Pictures with short captions
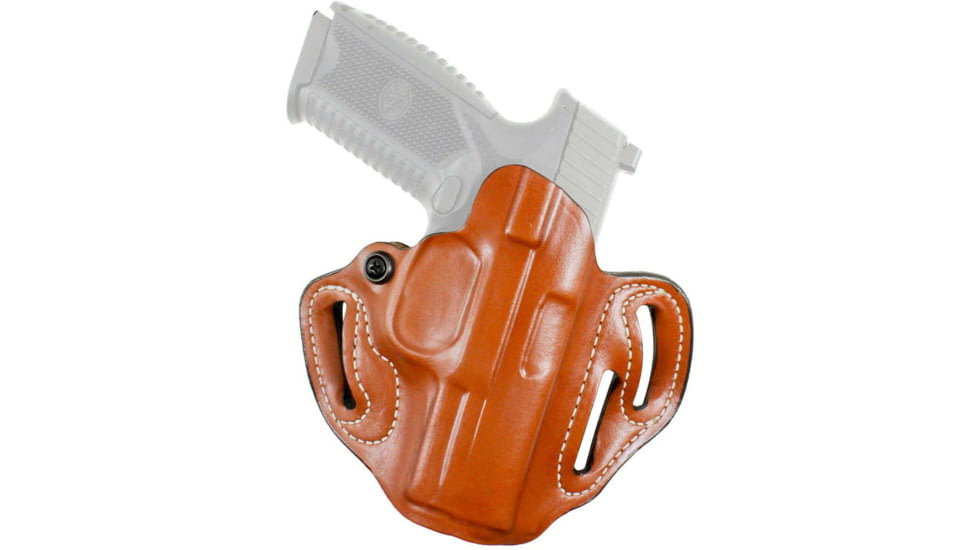 DeSantis Speed Scabbard Leather Belt Holster Springfield Emissary, Left, Tan, 002TB8VZ0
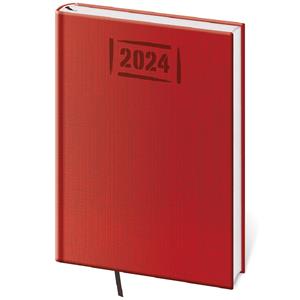 Daily diary A5 2024 Coco - red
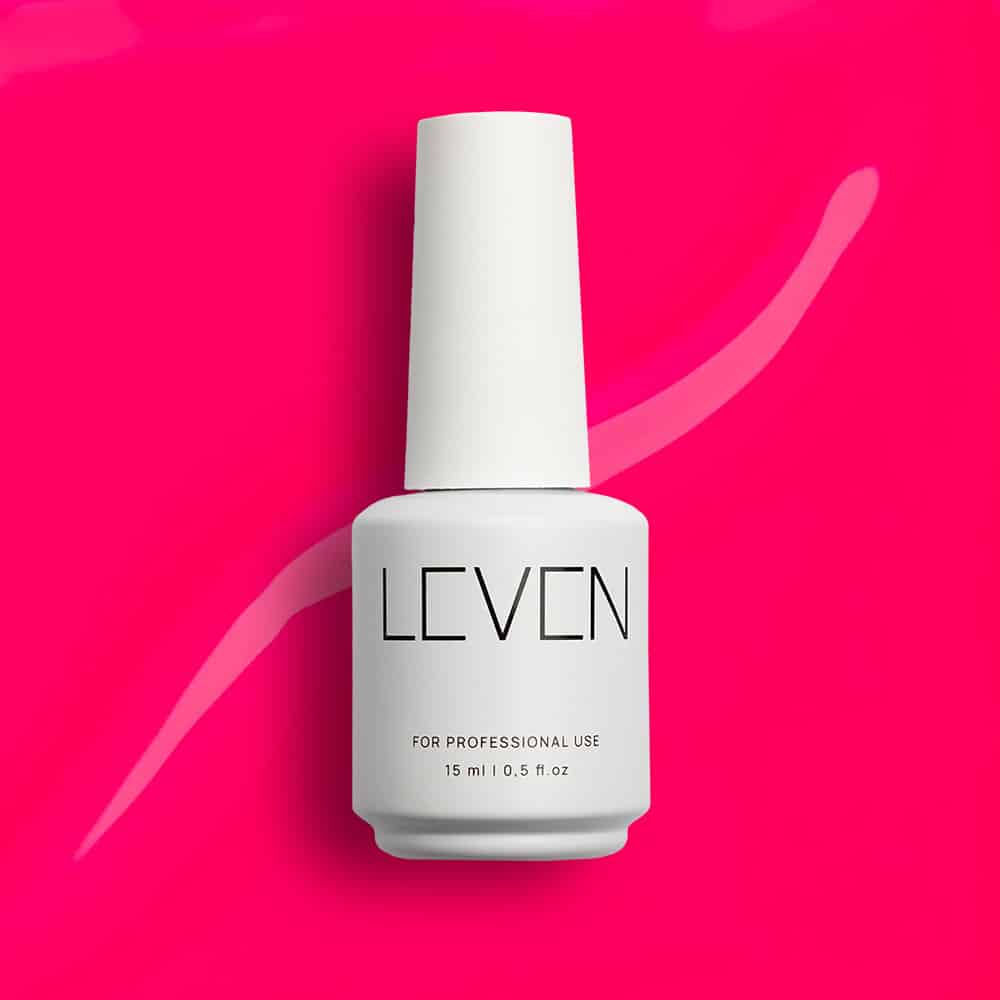 141 Leven | Ημιμόνιμο βερνίκι 15ml no. 141 Barbie - Image 1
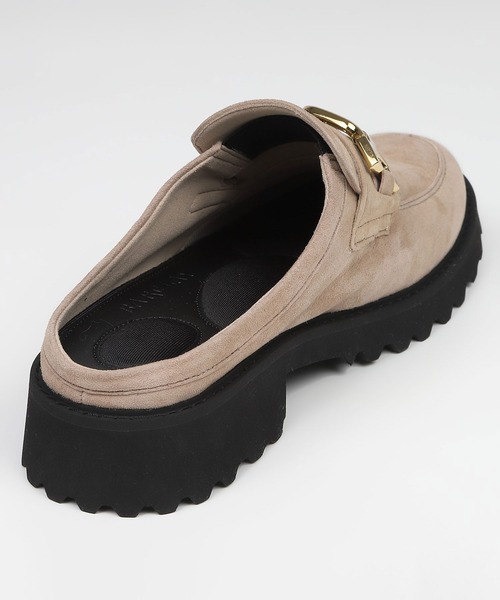 BARCLAY（バークレー）の「BARCLAY（バークレー）サボローファー（ローファー・レディース・ブラック/ベージュ・22cm/22.5cm/23.5cm/24cm/23cm/24.5cm）」の9枚目の写真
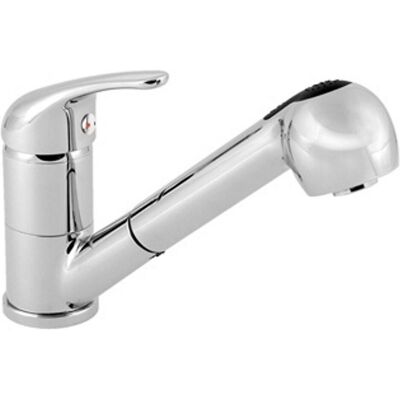 Plieger, Küchenarmatur, Keukenmengkraan Time 1-Gats Uittrekbare Handdouche Chroom (1084001) Plieger, Küchenarmatur, Keukenmengkraan Time 1-Gats Uittrekbare Handdouche Chroom (1084001)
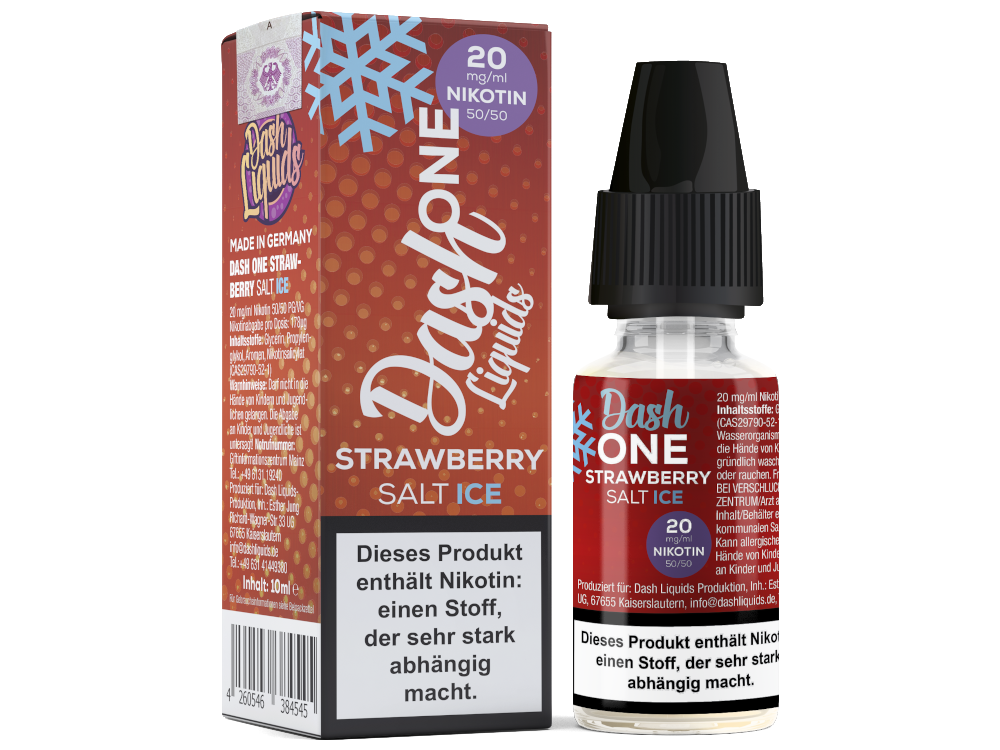 Dash Liquids - One - Strawberry Ice - Nicotine Salt Liquid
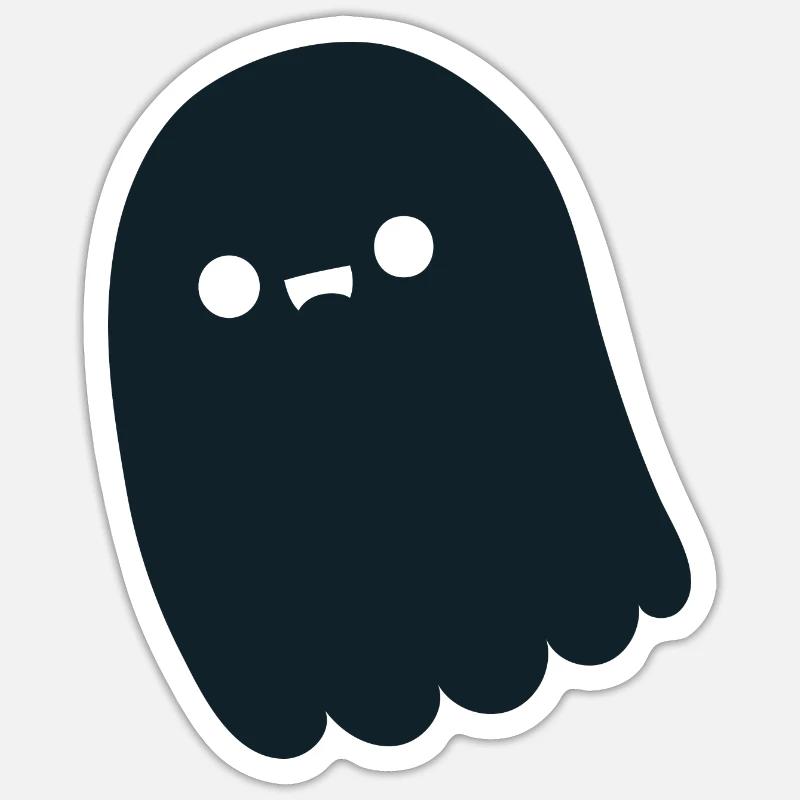 Geist - Sticker Größe S (10 x 10 cm) - Mattweiß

Task statement
What you write must match, line for line, the lines from the one with "BARCLAY（バークレー）の「BARC" through the last line of the data above, minus the pictures.

Reply
 BARCLAY（バークレー）の「BARCLAY（バークレー）サボローファー（ローファー・レディース・ブラック/ベージュ・22cm/22.5cm/23.5cm/24cm/23cm/24.5cm）」の9枚目の写真
 Plieger, Küchenarmatur, Keukenmengkraan Time 1-Gats Uittrekbare Handdouche Chroom (1084001) Plieger, Küchenarmatur, Keukenmengkraan Time 1-Gats Uittrekbare Handdouche Chroom (1084001)
 Dash Liquids - One - Strawberry Ice - Nicotine Salt Liquid
 Geist - Sticker Größe S (10 x 10 cm) - Mattweiß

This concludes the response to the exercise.